Roquefort is perhaps the “entry level” cheese for many of us. A non-controversial addition to cheese plates around the globe. I also find it’s one of the most abused cheeses, served far too cold to be enjoyed.
This was, I think the first blue veined cheese I ever tried, and although not one of my favorites (that’s reserved for Stilton and Gorgonzola), there is always a hunk of it in my ridge.
Traditionally, Roquefort is a sheep milk cheese, and in Euro fashion, apparently only those cheeses made in Roquefort Sul-Soulzon can called themselves”roquefort”. I bought my hunk from our loca French megastore and left it to sit for a while. For a cheapish over the counter cheese, the overall flavor sensation begins slightly mild, then a little sweet, then smoky, and fades to a salty finish.
I’m told it’s one of the most ingredient intensive cheeses to make, with one kilo needed around 4.5 litres of milk to make.
For such a common cheese it has a romantic backstory. It is said the cheese was discovered when a young lad, eating his lunch of bread and ewes’ milk cheese, saw a beautiful girl in the distance. Abandoning his meal in a nearby cave, he ran to meet her.

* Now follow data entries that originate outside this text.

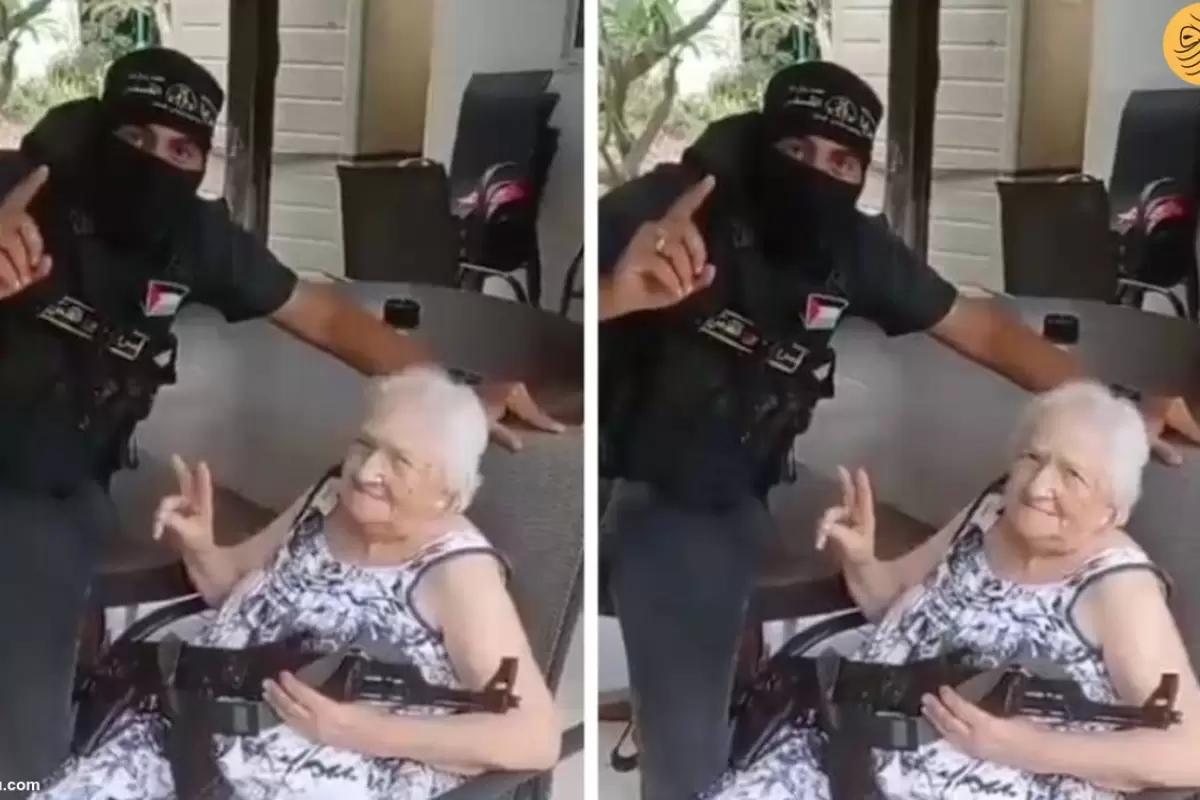 (ویدئو) واکنش متفاوت پیرزن اسرائیلی پس از اسیر شدن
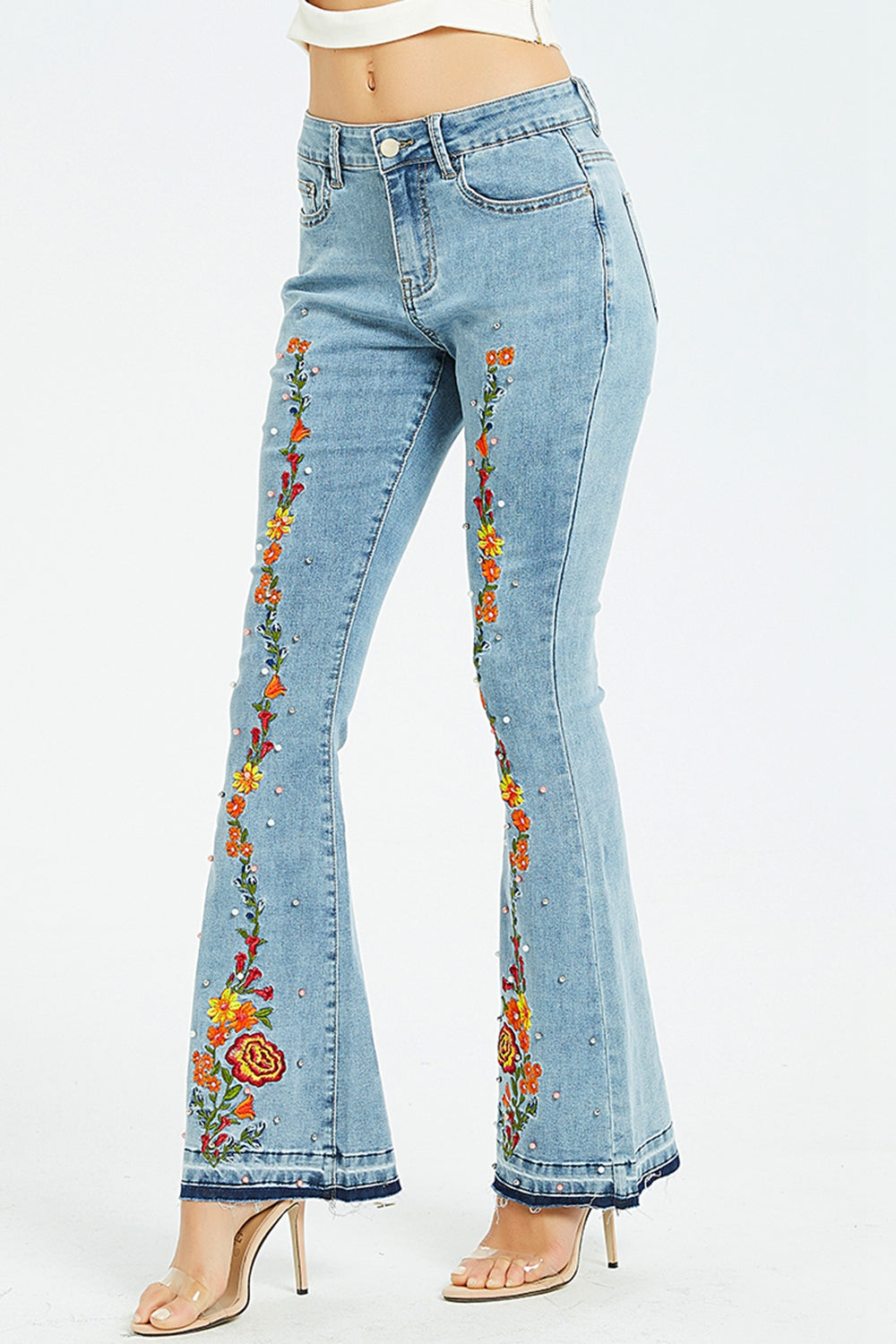 Flower Embroidery Wide Leg Jeans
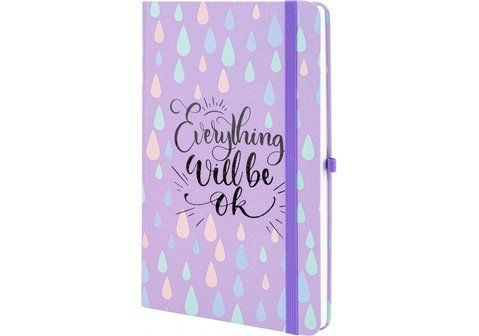 Діловий записник EVERYTHING OK, А5, тверда обкладинка папір, гумка, білий блок лінія O20812-42 фото
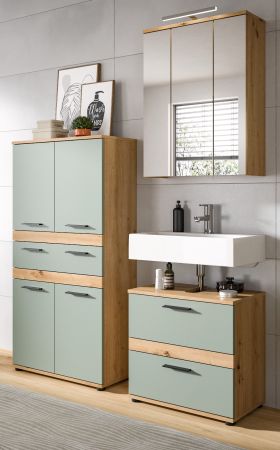 Badm�bel Set 3-teilig Bailey in Salbei und Artisan Eiche Badkombination 147 x 191 cm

When he returned a few months later, the mold had transformed his cheese into a chunk marbled with blue “veins”.
I must admire this young guy for returning to reclaim his cheese. In matters of love and cheese, cheese will always win. Maybe this is why I haven’t married yet. Hmmmmmm
PS This post is dedicated to my Dad, who I believe is the world’s greatest fan of James Garner and The Rockford Files
I love blue cheeses…especially the ones you eat in Europe.